The worst part of this? Keep reading.

“The crew considered their own training, knowing full well that any flight with a bomb scare should be aborted followed by evacuation and a complete search of the aircraft. ‘We were all airplane people, so we did not want to take off with a bomb scare,’ recalled Ron. ‘Elvis had been getting bomb threats since 1956 though so we figured it was par for the course. Flying Elvis Presley meant you had to be ready to roll with the punches. That’s what we signed up for.”

Bomb threats were par for the course?

Bomb threats “since 1956”? Not sure this is true.

Continuing:

“They never made it to the usual 35,000 feet. Instead, they stayed more at 22,000 feet in case a bomb did go off. If they had decompression issues to worry about, the effect would be less at a lower altitude. ‘We were definitely thinking about what we would do if the [worst] did happen,’ said Ron. ‘It felt very odd to go against our training.’ Of course, it turned out to be another typical situation in the life of Elvis Presley. Although it was the crew’s first bomb threat, Elvis had been dealing with threats throughout his twenty-year career.”

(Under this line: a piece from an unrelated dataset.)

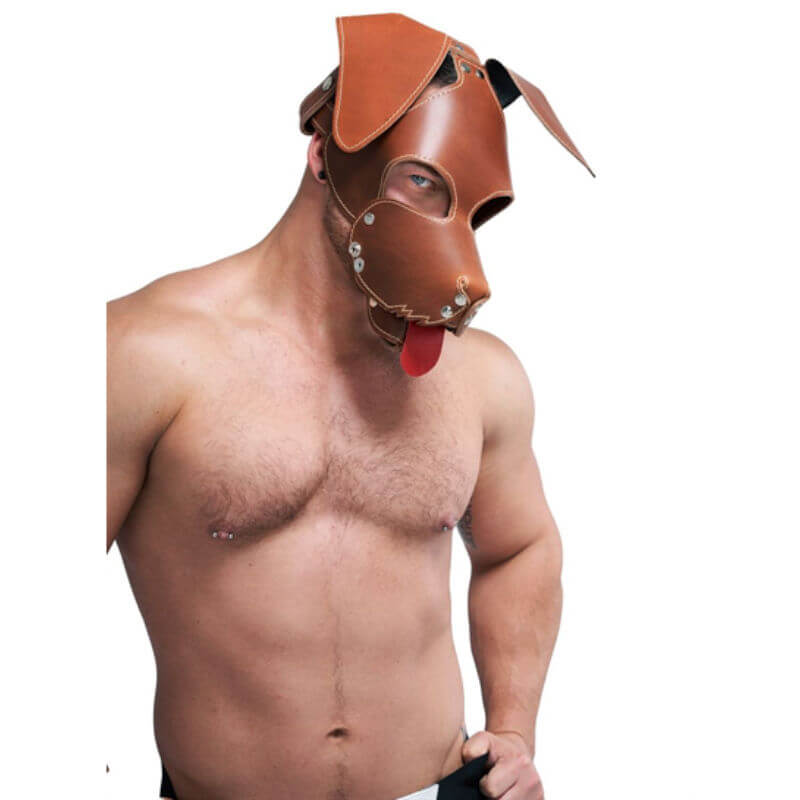 Leather Dog Mask brown - Floppy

“Another typical situation”?

Anyway, here we learn that the crew knew the proper procedure for dealing with a bomb threat, but they deferred to Elvis instead of following their training, and what they knew was the right thing to do. Think about that. They allowed Elvis to make the decision to continue on to Memphis with the possibility that a bomb was on the plane. Why did they do this? Because they “signed up for that,” knowing they had to “roll with the punches” as Elvis’s flight crew…?

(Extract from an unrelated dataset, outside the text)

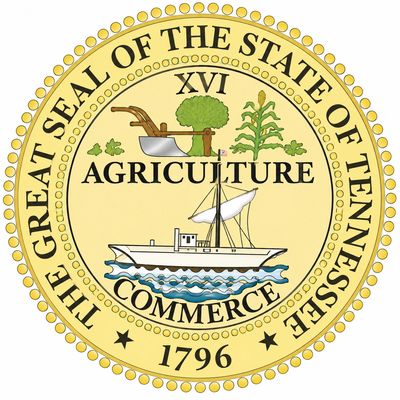 The Great Seal of Tennessee featuring agriculture and commerce symbols.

Have these people lost their minds?

Elvis shoots TVs. Elvis fires guns inside his hotel suite and nearly hits people. Elvis threatens to kill Sonny and Red. Elvis plots to have Mike Stone killed. And here, he recklessly puts the lives of multiple people in danger, and for what…so he can get to Memphis and sleep in his own bed? What was so important that he’d demand to depart Pittsburgh under these circumstances? Is the Elvis community so pathologically focused on seeing Elvis presented as a bad-ass tough-guy that some of us (them?) have lost the sense of how normal people should behave? Even Ron Strauss in this book seems to suggest that this was all a joke (par for the course!), and Elvis was so accustomed to aircraft bomb threats that it was no big deal, and that Elvis was tough and faced the bomb threat head-on. Are we supposed to be impressed?

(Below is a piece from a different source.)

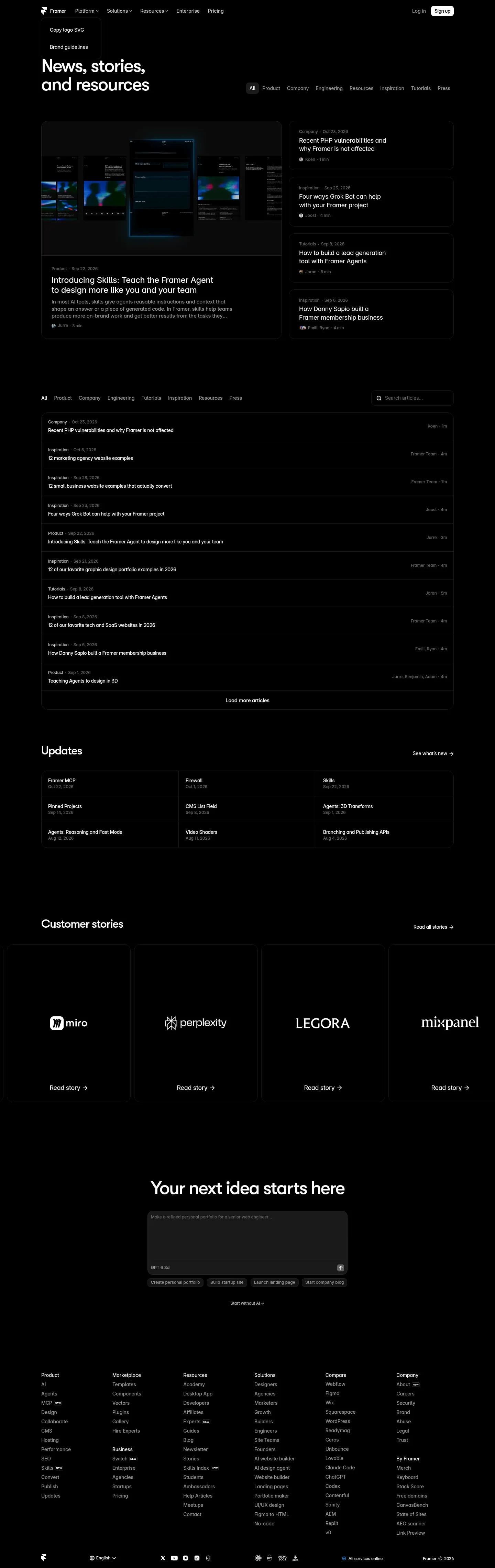 Screenshot of Framer at desktop width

And I am curious, why did this bomb threat not make it into the flight log notes? January 1 at PIT: [blank].

And why is the Allegheny County PD (who would have initially responded to the call) unable to find any record of this bomb threat?

To close, here are a few observations from a pilot I consulted on these questions:

“Yes, the airplane should have been inspected before take off – that is common sense. But that they didn’t shows that the PIC (Pilot in Command – aka the Captain) let somebody else override his authority. In this case, Elvis. Regarding the situation with the pressurization and the pilot flying the plane low [that] is neither here nor there unless the pilot knew for sure that the possible bomb had a pressurization trigger. However, logic is that the higher you go, the higher the differential pressure between inside and outside becomes. So, if you’re trying to stay low because of a possible bomb, you stay even lower – not higher than 10K. This would help in an explosion by just blowing out a window instead of the whole side of the plane. And, over 10K feet supplemental oxygen is required (after 30 mins).”